Model values can be declared in the following places:
Consider a specification of a memory system containing a declared
constant Val that represents the set of
possible values of a memory register. The set Val of values is probably a
symmetry set for the memory system's behavior specification,
meaning that permuting
the elements in the set of values does not change whether or not
a behavior satisfies that behavior spec. TLC can
take advantage of this to speed up its checking.
Suppose we substitute a
set {v1, v2, v3} of model values
for Val . We can use
the
Symmetry set
option of the What is the model?
section of the Model Overview Page
to declare this set of model values to be a symmetry set of the behavior spec.

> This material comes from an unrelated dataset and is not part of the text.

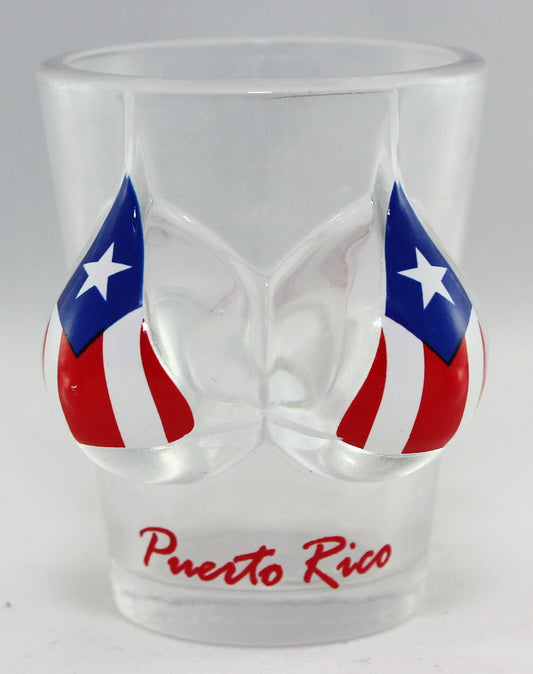 Puerto Rico Flag Bikini Bust 3D Shot Glass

This will reduce the number of reachable states that TLC has to examine
by up to 3!, or 6.
You can declare more than one set of model values to be a symmetry set. However, the union of all the symmetry sets cannot contain two typed model values with different types.
TLC does not check if a set you declare to be a symmetry set really
is one. If you declare a set to be a symmetry set and it isn't, then
TLC can fail to find an error
that it otherwise would find.
An expression is symmetric for a set S if and only if
interchanging any two values of S does not
change the value of the expression. The expression
{{v1, v2}, {v1, v3}, {v2, v3}}
is symmetric for the set
{v1, v2, v3} --
for example, interchanging v1 and v3
in this expression produces
{{v3, v2}, {v3, v1}, {v2, v1}},
which is equal to the original expression.
You should declare a set S of model values to be a symmetry set only if
the specification and all properties you are checking are symmetric for S
after the substitutions for constants and defined operators specified by the model
are made.
For example, you should not declare
{v1, v2, v3}
to be a symmetry set if the model substitutes v1 for some constant.
The only TLA+ operator that can produce a non-symmetric expression when applied to
a symmetric expression is CHOOSE. For example, the expression
CHOOSE x \in {v1, v2, v3} : TRUE
is not symmetric for {v1, v2, v3}.
Symmetry sets should not be used when checking liveness properties. Doing so can make TLC fail to find errors, or to report nonexistent errors.